Osmanlı döneminde (…) Her liman şehrinde en
azından sandal, balıkçı tekneleri, tüccar gemileri vb yapımı söz konusu idi (s.
60).
Karadeniz denizcilik açısından şartların
çok çetin olduğu, kuvvetli akıntıların bulunduğu, şiddetli fırtınaların aniden
patladığı, çalkantılı ve sisli bir denizdir. Bununla birlikte su ürünleri
açısından son derece zengin bir deniz olan Karadeniz’in balık kaynakları Antik
dönemden beri kullanılmaktadır (s. 61).
Günümüzde ahşap tekne yapımcılığı Karadeniz
kıyılarında birkaç merkezde ve aile işletmesi şeklinde devam ettirilmektedir.
Bu işletmelerde ayrıca bakım-onarım gibi hizmetler de verilebilmektedir.
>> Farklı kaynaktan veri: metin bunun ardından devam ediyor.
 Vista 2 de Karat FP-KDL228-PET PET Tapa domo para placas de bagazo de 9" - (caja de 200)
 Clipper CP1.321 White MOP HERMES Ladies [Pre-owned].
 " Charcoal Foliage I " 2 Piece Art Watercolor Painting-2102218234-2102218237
Tekne
inşa ve donanımında kullanılan malzemelerin üretimi ya da temini bölge
ekonomisine katkı sağlayan bir faaliyettir. Büyük sac teknelerin ortaya çıkışı
ahşap teknelerin yapımını azaltmıştır. Karadeniz sahillerinde inşa edilen
tekneler bütün Türkiye sahillerinde mukavemet gücü, sağlamlığı ve güvenilirliği
ile tanınmaktadır (s. 62).
…mesleği profesyonel olarak yürüten kişiler
yörede usta, kayık ustası, tekne ustası ya da mimar olarak adlandırılmaktadır
(s. 64).
Diğer geleneksel meslekler gibi tekne
yapımcılığı da büyük ölçüde sözlü kültüre dayalıdır ve usta-çırak ilişkisi
içerisinde kuşaktan kuşağa aktarılır.
Eğitim süreci yazılı materyallerden ziyade
göze, kulağa ve pratiğe dayalıdır.
Bir ustanın yanına çırak olarak alınan genç
uzun yıllar boyunca çalışır. Cüz’i bir ücret alan ve ustasına elinden
geldiğince iyi bir şekilde hizmet etmeye çalışan çırağın en önemli kazancı elde
ettiği bilgi, beceri ve deneyimdir (s. 65).
Geleneğe göre ilk gemi Nuh Peygamber
tarafından inşa edilmiştir. Bundan dolayı Nuh Peygamber gemicilerin piridir.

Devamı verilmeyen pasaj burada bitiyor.